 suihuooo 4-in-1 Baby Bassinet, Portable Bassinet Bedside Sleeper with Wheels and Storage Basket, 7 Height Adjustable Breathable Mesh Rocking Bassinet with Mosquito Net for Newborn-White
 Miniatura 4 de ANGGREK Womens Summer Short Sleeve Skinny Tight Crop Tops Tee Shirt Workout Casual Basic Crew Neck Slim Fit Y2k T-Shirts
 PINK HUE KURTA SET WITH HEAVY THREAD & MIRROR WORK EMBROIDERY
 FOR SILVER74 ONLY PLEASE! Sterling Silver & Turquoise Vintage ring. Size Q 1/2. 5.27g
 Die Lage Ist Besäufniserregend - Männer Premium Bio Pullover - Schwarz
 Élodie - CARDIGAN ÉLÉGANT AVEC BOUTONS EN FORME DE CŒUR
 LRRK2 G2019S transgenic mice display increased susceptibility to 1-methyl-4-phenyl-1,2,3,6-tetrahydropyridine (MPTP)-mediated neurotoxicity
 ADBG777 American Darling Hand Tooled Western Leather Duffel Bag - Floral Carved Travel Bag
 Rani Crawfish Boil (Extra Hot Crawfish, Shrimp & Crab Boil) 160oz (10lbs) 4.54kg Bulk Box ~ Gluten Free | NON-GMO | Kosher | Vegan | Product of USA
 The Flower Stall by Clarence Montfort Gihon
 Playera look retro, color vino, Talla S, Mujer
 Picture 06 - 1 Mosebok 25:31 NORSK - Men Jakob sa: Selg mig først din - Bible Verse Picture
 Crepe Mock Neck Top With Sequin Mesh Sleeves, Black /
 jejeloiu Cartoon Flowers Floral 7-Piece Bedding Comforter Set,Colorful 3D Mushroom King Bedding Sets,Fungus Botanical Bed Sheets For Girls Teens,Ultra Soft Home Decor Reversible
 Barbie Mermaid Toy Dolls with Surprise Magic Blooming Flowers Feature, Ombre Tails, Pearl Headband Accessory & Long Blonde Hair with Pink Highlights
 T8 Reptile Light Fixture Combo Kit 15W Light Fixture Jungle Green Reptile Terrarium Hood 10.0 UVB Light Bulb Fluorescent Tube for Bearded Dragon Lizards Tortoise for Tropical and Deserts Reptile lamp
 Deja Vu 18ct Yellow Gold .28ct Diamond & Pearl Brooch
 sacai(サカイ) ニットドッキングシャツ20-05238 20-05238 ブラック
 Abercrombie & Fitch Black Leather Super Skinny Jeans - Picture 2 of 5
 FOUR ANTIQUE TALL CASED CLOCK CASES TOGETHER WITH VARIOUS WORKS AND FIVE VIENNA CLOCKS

> [TASK PROMPT]
The response should consist of all the entries, reproduced word for word.

> [SOLUTION TO THE EXERCISE]
 suihuooo 4-in-1 Baby Bassinet, Portable Bassinet Bedside Sleeper with Wheels and Storage Basket, 7 Height Adjustable Breathable Mesh Rocking Bassinet with Mosquito Net for Newborn-White
 Miniatura 4 de ANGGREK Womens Summer Short Sleeve Skinny Tight Crop Tops Tee Shirt Workout Casual Basic Crew Neck Slim Fit Y2k T-Shirts
 PINK HUE KURTA SET WITH HEAVY THREAD & MIRROR WORK EMBROIDERY
 FOR SILVER74 ONLY PLEASE! Sterling Silver & Turquoise Vintage ring. Size Q 1/2. 5.27g
 Die Lage Ist Besäufniserregend - Männer Premium Bio Pullover - Schwarz
 Élodie - CARDIGAN ÉLÉGANT AVEC BOUTONS EN FORME DE CŒUR
 LRRK2 G2019S transgenic mice display increased susceptibility to 1-methyl-4-phenyl-1,2,3,6-tetrahydropyridine (MPTP)-mediated neurotoxicity
 ADBG777 American Darling Hand Tooled Western Leather Duffel Bag - Floral Carved Travel Bag
 Rani Crawfish Boil (Extra Hot Crawfish, Shrimp & Crab Boil) 160oz (10lbs) 4.54kg Bulk Box ~ Gluten Free | NON-GMO | Kosher | Vegan | Product of USA
 The Flower Stall by Clarence Montfort Gihon
 Playera look retro, color vino, Talla S, Mujer
 Picture 06 - 1 Mosebok 25:31 NORSK - Men Jakob sa: Selg mig først din - Bible Verse Picture
 Crepe Mock Neck Top With Sequin Mesh Sleeves, Black /
 jejeloiu Cartoon Flowers Floral 7-Piece Bedding Comforter Set,Colorful 3D Mushroom King Bedding Sets,Fungus Botanical Bed Sheets For Girls Teens,Ultra Soft Home Decor Reversible
 Barbie Mermaid Toy Dolls with Surprise Magic Blooming Flowers Feature, Ombre Tails, Pearl Headband Accessory & Long Blonde Hair with Pink Highlights
 T8 Reptile Light Fixture Combo Kit 15W Light Fixture Jungle Green Reptile Terrarium Hood 10.0 UVB Light Bulb Fluorescent Tube for Bearded Dragon Lizards Tortoise for Tropical and Deserts Reptile lamp
 Deja Vu 18ct Yellow Gold .28ct Diamond & Pearl Brooch
 sacai(サカイ) ニットドッキングシャツ20-05238 20-05238 ブラック
 Abercrombie & Fitch Black Leather Super Skinny Jeans - Picture 2 of 5
 FOUR ANTIQUE TALL CASED CLOCK CASES TOGETHER WITH VARIOUS WORKS AND FIVE VIENNA CLOCKS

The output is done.